J'écoutais au casque le premier album d'Alexandre Belliard, Piège à con, en faisant mes travaux de philo de cégep. C'était il y a pas si longtemps. J'ai cligné des yeux puis j'étais assis au Boquébière, samedi dernier, pour le concert d'Alexandre Belliard. Le gars avait enregistré deux autres albums depuis (le plus récent, Des fantômes, des étoiles, paru en août et réalisé par Éric Goulet) sans que je m'en rende vraiment compte. Mes cours de philo et mon cégep avait depuis été complétés sans que je m'en rende vraiment compte.
Il n'a pas tellement changé le Alexandre. Accompagné par Dany Placard, à l'aise dans son rôle de sideman, généreux de son trémolo country et de son talent mais pas envahissant, l'auteur-compositeur-interprète transporte toujours le legs trash et incorruptible de Denis Vanier à bout de bras, une photo de la gueule de "décrissé de la vie" du poète «noir de couleurs» collée sur la guitare (j'aurais dû lui demander s'il a entendu la superbe Les Grands labours, mise en musique par Jérôme Dupuis-Cloutier sur son récent album), l'amour de sa blonde, de ses kids (ils sont deux) et de l'eau en bandoulière, le dégaine du gars cool qui le sait trop bien sans en faire un mantra.

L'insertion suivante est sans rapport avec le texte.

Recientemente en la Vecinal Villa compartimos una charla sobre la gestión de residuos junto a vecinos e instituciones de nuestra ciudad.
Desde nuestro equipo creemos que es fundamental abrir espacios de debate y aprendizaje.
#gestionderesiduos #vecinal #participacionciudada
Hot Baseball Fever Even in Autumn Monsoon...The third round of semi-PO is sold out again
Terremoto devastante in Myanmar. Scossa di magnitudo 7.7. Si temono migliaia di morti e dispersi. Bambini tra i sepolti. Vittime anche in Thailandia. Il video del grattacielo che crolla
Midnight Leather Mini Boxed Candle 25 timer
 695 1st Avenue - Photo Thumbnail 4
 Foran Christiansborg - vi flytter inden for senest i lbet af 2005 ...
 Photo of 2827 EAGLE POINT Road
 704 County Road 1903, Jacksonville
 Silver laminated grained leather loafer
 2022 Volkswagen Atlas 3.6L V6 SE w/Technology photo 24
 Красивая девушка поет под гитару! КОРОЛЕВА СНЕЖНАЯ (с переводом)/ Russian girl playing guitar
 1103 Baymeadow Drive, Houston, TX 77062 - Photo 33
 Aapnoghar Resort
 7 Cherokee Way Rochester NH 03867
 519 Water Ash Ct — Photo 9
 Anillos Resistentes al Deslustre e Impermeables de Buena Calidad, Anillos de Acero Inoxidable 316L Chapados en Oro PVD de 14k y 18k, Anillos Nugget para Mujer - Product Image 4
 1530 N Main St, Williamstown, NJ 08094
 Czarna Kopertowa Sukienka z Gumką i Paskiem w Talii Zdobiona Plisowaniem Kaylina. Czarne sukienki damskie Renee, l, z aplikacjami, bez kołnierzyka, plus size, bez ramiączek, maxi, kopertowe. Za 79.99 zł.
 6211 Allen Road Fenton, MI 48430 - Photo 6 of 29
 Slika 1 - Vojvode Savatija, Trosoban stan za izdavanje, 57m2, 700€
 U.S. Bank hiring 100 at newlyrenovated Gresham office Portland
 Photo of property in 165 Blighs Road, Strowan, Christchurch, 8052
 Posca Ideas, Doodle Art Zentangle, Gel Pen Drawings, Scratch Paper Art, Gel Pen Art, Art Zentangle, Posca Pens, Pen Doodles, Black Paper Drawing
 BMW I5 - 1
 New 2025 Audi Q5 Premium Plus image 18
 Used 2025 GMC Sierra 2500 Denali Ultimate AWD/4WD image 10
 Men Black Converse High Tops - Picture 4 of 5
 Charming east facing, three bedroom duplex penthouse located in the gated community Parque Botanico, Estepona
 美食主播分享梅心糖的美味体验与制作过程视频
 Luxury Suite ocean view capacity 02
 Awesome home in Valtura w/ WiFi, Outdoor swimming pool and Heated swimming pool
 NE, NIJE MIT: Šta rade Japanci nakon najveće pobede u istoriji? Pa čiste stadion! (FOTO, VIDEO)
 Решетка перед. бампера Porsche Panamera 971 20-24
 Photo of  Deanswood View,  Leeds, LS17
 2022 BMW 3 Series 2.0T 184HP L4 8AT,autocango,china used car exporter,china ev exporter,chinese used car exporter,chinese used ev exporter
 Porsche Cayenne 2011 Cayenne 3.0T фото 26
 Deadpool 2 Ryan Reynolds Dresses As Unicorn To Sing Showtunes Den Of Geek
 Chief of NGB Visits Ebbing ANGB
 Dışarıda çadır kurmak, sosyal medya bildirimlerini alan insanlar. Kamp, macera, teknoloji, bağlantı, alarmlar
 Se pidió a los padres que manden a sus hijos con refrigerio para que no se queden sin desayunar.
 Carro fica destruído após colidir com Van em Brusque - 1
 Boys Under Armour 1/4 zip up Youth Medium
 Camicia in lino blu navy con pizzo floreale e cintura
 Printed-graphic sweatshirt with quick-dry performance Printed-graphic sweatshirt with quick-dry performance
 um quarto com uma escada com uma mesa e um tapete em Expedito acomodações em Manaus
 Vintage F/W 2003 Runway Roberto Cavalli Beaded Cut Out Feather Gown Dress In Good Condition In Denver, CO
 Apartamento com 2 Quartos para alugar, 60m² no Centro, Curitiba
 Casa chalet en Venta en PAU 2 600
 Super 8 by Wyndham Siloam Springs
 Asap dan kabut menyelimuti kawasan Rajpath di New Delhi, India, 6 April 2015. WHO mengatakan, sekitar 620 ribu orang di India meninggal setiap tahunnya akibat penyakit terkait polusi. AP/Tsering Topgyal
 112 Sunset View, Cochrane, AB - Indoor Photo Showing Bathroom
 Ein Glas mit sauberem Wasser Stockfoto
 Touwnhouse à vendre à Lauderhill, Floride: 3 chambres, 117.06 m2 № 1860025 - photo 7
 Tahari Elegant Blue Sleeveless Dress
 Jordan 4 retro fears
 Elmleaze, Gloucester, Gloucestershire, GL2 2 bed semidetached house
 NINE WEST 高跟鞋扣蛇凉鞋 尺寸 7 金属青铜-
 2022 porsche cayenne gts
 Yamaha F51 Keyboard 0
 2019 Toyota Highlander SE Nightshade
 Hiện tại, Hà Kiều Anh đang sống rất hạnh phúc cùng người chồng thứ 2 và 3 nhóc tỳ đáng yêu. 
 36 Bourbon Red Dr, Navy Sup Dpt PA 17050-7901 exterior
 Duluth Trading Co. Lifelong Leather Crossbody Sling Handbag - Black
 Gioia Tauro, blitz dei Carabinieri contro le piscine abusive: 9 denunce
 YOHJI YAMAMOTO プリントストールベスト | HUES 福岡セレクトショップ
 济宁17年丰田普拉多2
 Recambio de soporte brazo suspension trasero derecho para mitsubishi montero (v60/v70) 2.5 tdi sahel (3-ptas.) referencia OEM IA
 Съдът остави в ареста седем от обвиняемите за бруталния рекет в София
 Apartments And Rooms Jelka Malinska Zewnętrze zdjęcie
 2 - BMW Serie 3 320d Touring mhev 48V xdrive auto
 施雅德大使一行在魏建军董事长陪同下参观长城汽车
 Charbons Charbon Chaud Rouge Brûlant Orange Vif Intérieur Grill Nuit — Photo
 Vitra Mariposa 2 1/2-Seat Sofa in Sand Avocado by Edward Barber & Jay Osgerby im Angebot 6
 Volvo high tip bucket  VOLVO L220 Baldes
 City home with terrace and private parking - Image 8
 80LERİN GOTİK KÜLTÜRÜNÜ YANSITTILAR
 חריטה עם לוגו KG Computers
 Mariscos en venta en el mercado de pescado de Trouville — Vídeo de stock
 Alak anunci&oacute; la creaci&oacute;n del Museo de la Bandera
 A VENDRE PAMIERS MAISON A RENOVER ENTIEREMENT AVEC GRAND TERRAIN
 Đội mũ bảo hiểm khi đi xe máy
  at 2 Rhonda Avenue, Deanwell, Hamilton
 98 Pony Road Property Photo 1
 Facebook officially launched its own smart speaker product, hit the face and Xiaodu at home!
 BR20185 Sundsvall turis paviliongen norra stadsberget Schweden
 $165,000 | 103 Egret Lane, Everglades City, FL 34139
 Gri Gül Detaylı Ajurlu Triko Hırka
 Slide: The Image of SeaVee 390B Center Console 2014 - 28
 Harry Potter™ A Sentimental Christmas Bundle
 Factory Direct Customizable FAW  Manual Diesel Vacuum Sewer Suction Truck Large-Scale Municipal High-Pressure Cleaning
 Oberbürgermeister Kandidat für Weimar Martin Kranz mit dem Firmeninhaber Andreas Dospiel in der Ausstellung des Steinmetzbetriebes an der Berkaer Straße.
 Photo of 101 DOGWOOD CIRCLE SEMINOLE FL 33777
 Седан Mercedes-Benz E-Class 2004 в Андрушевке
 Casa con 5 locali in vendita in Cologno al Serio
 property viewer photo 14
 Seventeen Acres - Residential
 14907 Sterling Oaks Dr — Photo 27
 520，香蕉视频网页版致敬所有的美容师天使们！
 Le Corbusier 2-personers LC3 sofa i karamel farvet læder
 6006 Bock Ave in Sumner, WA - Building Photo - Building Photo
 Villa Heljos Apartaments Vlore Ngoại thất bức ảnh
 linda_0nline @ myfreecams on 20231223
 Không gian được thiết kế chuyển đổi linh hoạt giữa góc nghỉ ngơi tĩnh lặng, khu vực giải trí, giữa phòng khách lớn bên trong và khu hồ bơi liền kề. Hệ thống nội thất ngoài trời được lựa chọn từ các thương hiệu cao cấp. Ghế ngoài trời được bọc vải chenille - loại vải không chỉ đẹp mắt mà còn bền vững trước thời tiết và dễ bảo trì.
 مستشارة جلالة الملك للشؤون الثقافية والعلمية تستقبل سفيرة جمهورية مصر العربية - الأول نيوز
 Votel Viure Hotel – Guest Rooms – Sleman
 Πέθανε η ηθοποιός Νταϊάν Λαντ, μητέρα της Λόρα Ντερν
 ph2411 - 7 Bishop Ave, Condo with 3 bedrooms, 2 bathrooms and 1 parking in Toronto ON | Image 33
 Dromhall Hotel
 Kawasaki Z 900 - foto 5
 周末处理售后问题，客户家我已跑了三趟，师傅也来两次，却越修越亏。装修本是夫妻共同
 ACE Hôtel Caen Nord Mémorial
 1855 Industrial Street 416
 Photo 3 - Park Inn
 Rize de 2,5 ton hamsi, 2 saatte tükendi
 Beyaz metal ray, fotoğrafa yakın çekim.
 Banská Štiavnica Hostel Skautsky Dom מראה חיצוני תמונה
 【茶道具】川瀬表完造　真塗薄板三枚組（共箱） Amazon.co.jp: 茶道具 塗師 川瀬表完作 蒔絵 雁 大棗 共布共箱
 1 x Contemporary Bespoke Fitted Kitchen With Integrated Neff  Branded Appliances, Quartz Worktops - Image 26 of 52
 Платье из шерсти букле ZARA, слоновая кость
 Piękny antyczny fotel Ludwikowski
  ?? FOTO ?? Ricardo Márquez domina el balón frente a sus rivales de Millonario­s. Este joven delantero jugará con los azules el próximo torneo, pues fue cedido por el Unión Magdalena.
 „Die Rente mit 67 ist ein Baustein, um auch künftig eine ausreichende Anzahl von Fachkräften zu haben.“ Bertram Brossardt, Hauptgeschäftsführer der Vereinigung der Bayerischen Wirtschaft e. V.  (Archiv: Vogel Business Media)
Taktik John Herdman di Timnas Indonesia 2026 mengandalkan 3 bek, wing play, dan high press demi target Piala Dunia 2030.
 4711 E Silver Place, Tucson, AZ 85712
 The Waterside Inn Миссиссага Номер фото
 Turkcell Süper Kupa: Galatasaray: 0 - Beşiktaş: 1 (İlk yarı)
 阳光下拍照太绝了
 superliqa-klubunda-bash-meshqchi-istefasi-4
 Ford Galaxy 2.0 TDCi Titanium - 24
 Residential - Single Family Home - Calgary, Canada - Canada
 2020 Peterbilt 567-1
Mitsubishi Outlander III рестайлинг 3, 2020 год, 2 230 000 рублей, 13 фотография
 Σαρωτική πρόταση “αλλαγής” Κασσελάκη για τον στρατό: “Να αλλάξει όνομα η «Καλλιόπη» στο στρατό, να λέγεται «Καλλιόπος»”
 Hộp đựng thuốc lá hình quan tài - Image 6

Ce qu'il y de plus intrigant chez Belliard est surtout cette façon de chanter la résistance, le combat, la révolution presque (la protest song, Je refuse de grandir, entre autres), quand on sent que ce qu'il le séduit surtout dans ces idées, c'est l'espoir de pouvoir consacrer sa vie strictement à regarder sa blonde et à lui faire l'amour une fois la révolution complétée – on ne sait pas laquelle révolution -, sans se préoccuper de travail et d'argent.
Rares sont les présentations qui améliorent ma compréhension ou qui affutent mon écoute d'une chanson; exception à la règle dans le cas de Et toi et moi, chanson name-dropping de noms de couples mythiques inspirée du poème Les Lèvres ouvertes de Jean-Paul Daoust et écrite pour son amoureuse, dont le refrain ne tient qu'à «Et toi, et moi, et toi, et moi.» Pourquoi risquer ne de pas passer à la légende quand on peut la rejoindre maintenant, tout de suite?
Parlant du couple de Belliard, il était très drôle de l'entendre interrompre un morceau pour rassurer son amoureuse en ad lib: «Oui, c'est pour bientôt le succès», lui-même pas trop convaincu, encore moins convaincant. Pas qu'on ne lui souhaite pas, le succès. C'est qu'on l'aime en réserve de la république (chansonnière) le Belliard, toujours prêt à sauter dans la mêlée du showbiz sans qu'on lui demande de le faire pour autant, et que tout compte fait, il y a infiniment plus de beauté dans cette éternelle promesse à sa blonde qu'il pourrait y en avoir dans l'atteinte effective du succès.
Je suis reparti de la microbrasserie avec son premier recueil de poésie, Tu cours après les pigeons (Poètes de Brousse, 2008). Extrait: «L'érosion du langage», en intégral:
«certains mots ont surgi / en faits marquants / sans plus // j'apprivoiserai juste ceux-là / ne me parle pas les autres / je ne les ai jamais aimés»
Je n'en pense pas moins des chansons de Belliard. Qu'il se contente de nous parler quelques idées folles, quelques sentiments inoxydables, quelques aversions irrépressibles (pour les politiciens patentés et pour les fédéralistes, deux catégories qui se recoupent). On les a déjà apprivoisés, on les a choisis comme tels. Il y en a tant d'autres auxquels on n'adhèrera jamais – du moins l'espère-t-on -, des idées, des sentiments, des aversions.